**To do**
When you reach the line in the listing below that contains "Kate Fink-Jensen (right), 11, crossed", begin returning lines exactly as written, and stop after the line that contains "Three gooey Seven". Return no other lines.

---

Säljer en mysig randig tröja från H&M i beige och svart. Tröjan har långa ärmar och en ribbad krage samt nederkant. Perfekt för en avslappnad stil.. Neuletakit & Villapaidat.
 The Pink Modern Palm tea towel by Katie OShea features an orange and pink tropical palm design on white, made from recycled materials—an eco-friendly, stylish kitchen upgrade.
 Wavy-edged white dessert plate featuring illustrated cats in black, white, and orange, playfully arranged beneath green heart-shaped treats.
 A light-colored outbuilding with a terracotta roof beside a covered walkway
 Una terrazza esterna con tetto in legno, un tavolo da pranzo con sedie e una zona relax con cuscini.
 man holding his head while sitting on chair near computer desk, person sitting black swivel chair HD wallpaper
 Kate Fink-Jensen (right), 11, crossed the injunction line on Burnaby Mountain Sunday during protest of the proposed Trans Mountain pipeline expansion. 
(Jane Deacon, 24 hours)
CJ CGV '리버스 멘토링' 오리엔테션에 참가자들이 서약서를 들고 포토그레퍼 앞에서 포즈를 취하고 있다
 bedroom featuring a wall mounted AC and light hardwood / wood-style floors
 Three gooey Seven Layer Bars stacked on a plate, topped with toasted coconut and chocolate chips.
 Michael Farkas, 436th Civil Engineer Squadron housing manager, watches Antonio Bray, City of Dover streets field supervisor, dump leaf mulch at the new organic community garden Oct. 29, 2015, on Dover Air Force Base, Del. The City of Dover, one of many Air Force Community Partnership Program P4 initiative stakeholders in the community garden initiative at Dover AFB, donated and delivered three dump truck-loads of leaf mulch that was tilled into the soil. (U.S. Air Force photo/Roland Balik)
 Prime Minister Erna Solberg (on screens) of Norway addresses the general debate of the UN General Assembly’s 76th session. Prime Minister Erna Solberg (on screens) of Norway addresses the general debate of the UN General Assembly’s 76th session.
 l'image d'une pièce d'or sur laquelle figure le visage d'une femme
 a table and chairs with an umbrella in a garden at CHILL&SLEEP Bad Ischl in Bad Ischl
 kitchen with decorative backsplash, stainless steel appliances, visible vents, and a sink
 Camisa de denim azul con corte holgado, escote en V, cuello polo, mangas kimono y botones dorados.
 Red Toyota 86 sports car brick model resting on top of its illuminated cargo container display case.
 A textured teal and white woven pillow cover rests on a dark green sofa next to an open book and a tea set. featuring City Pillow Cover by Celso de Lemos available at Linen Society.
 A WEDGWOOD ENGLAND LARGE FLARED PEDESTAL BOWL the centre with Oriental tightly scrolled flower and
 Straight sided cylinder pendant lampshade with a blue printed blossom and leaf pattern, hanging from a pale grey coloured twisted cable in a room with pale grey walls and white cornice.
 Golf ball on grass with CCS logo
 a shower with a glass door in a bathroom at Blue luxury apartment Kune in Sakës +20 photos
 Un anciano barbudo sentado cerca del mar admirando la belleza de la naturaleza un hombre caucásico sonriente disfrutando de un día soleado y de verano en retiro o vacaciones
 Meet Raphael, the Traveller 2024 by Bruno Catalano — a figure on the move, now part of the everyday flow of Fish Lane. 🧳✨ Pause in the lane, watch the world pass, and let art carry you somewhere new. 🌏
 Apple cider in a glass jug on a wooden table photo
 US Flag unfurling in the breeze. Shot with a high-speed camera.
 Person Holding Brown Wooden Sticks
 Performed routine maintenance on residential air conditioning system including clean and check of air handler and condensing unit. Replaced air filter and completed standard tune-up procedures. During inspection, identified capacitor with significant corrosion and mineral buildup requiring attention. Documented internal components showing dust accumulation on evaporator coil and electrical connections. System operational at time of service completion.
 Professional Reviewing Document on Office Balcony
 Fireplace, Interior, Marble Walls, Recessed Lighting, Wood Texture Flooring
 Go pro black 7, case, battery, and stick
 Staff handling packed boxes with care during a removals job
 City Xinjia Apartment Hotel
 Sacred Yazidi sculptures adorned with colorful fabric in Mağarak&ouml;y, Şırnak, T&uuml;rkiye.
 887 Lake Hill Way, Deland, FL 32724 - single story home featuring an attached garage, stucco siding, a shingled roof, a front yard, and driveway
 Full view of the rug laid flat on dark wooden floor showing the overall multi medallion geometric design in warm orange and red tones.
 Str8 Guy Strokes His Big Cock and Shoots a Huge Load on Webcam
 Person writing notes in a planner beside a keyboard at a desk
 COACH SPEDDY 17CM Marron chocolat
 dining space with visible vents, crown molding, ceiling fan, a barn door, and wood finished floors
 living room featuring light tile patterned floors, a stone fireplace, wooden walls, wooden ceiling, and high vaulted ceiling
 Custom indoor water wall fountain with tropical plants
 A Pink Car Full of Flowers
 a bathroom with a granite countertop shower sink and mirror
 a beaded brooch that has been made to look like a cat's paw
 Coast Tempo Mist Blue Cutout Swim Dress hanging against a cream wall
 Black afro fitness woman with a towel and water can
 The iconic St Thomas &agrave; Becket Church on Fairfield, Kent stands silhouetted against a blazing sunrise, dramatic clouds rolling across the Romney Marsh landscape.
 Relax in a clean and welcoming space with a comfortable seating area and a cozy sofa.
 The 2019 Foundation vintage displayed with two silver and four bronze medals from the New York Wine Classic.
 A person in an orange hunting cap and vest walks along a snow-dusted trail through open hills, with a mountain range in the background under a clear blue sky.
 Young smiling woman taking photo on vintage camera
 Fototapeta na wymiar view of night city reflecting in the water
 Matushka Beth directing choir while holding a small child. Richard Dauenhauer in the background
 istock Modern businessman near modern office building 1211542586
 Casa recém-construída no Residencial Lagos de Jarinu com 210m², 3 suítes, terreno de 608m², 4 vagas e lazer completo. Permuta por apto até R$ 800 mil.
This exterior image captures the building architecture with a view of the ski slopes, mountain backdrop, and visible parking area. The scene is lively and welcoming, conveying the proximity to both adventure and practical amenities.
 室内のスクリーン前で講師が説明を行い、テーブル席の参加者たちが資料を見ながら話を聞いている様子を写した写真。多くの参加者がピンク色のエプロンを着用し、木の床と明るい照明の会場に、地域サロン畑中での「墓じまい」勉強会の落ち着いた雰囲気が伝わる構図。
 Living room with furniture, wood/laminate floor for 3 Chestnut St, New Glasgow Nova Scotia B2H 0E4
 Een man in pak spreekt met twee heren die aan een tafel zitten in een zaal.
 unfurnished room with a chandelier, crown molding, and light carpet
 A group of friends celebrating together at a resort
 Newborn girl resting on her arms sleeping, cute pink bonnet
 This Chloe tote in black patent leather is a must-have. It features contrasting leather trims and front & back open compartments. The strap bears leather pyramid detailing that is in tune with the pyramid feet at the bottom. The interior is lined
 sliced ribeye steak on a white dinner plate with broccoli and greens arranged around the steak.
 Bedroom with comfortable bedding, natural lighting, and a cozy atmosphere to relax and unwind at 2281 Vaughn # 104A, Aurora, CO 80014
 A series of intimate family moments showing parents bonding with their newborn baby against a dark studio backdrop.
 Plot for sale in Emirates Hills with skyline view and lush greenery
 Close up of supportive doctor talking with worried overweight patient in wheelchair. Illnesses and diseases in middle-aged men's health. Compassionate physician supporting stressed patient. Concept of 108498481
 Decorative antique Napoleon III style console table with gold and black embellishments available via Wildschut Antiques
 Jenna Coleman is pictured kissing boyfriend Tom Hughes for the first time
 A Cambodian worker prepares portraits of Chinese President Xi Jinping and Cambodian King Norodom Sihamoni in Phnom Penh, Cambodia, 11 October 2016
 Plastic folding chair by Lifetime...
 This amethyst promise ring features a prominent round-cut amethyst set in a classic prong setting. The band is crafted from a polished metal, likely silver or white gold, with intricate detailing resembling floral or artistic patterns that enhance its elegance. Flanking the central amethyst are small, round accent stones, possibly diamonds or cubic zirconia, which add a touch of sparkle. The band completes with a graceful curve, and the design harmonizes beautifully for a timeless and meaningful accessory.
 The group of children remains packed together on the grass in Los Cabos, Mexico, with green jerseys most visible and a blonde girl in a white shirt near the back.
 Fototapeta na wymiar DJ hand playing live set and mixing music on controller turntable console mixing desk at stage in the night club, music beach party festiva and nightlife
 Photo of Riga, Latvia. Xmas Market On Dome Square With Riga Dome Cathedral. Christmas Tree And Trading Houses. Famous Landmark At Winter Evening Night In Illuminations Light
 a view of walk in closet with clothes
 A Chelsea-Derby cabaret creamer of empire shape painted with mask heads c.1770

---

**Answer to this exercise**
 Kate Fink-Jensen (right), 11, crossed the injunction line on Burnaby Mountain Sunday during protest of the proposed Trans Mountain pipeline expansion. 
(Jane Deacon, 24 hours)
CJ CGV '리버스 멘토링' 오리엔테션에 참가자들이 서약서를 들고 포토그레퍼 앞에서 포즈를 취하고 있다
 bedroom featuring a wall mounted AC and light hardwood / wood-style floors
 Three gooey Seven Layer Bars stacked on a plate, topped with toasted coconut and chocolate chips.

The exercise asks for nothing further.